--- DATA FOR THIS TASK ---
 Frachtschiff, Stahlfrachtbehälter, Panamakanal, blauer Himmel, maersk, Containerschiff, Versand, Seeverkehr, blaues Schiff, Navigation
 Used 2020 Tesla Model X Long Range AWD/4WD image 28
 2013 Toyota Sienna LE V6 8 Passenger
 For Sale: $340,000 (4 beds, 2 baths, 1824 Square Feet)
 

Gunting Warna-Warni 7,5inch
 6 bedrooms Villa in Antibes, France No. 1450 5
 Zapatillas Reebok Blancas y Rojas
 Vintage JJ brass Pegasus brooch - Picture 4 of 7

--- TASK PROMPT ---
Everything from the line that contains "Used 2020 Tesla" to the last line of the entries above should be repeated word for word, both lines included, with no other output.

--- ANSWER AREA ---
 Used 2020 Tesla Model X Long Range AWD/4WD image 28
 2013 Toyota Sienna LE V6 8 Passenger
 For Sale: $340,000 (4 beds, 2 baths, 1824 Square Feet)
 

Gunting Warna-Warni 7,5inch
 6 bedrooms Villa in Antibes, France No. 1450 5
 Zapatillas Reebok Blancas y Rojas
 Vintage JJ brass Pegasus brooch - Picture 4 of 7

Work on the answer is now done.